(MATERIAL SHOWN)
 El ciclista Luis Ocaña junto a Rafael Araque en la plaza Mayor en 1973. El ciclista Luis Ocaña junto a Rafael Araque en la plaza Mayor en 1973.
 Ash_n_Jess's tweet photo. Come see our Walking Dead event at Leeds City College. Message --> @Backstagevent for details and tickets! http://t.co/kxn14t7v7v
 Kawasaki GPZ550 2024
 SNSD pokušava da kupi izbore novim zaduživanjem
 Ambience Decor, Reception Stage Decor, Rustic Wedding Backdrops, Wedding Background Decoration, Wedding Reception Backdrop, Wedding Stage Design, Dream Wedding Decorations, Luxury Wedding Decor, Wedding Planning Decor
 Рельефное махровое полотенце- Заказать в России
(End MATERIAL SHOWN)
(MATERIAL SHOWN)
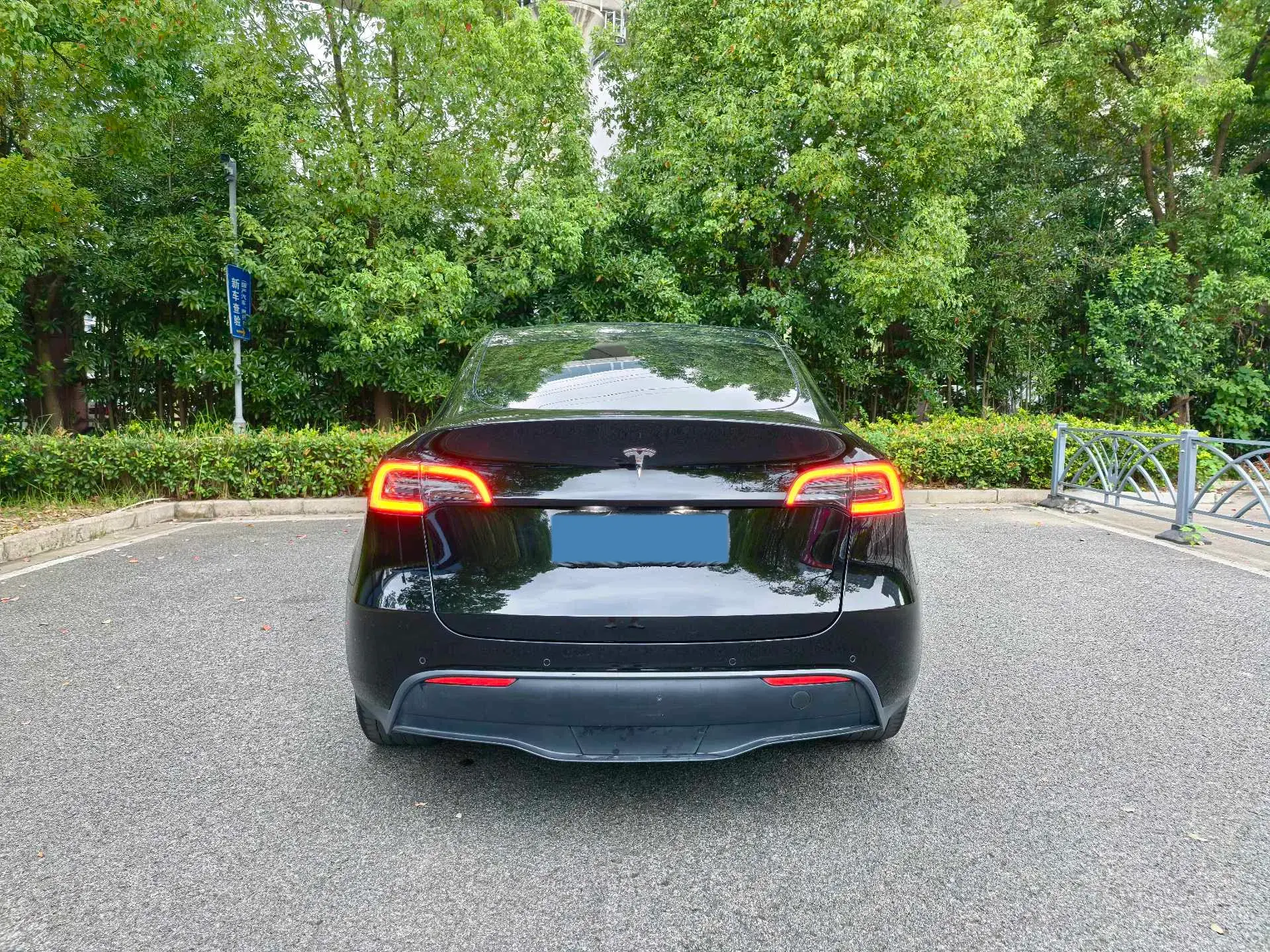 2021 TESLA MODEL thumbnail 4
(End MATERIAL SHOWN)
Only the lines above starting at the one containing "en 1973. El" and ending at the one containing "Рельефное махровое полотенце- Заказать", both included, are to be returned, exactly as they read.

 El ciclista Luis Ocaña junto a Rafael Araque en la plaza Mayor en 1973. El ciclista Luis Ocaña junto a Rafael Araque en la plaza Mayor en 1973.
 Ash_n_Jess's tweet photo. Come see our Walking Dead event at Leeds City College. Message --> @Backstagevent for details and tickets! http://t.co/kxn14t7v7v
 Kawasaki GPZ550 2024
 SNSD pokušava da kupi izbore novim zaduživanjem
 Ambience Decor, Reception Stage Decor, Rustic Wedding Backdrops, Wedding Background Decoration, Wedding Reception Backdrop, Wedding Stage Design, Dream Wedding Decorations, Luxury Wedding Decor, Wedding Planning Decor
 Рельефное махровое полотенце- Заказать в России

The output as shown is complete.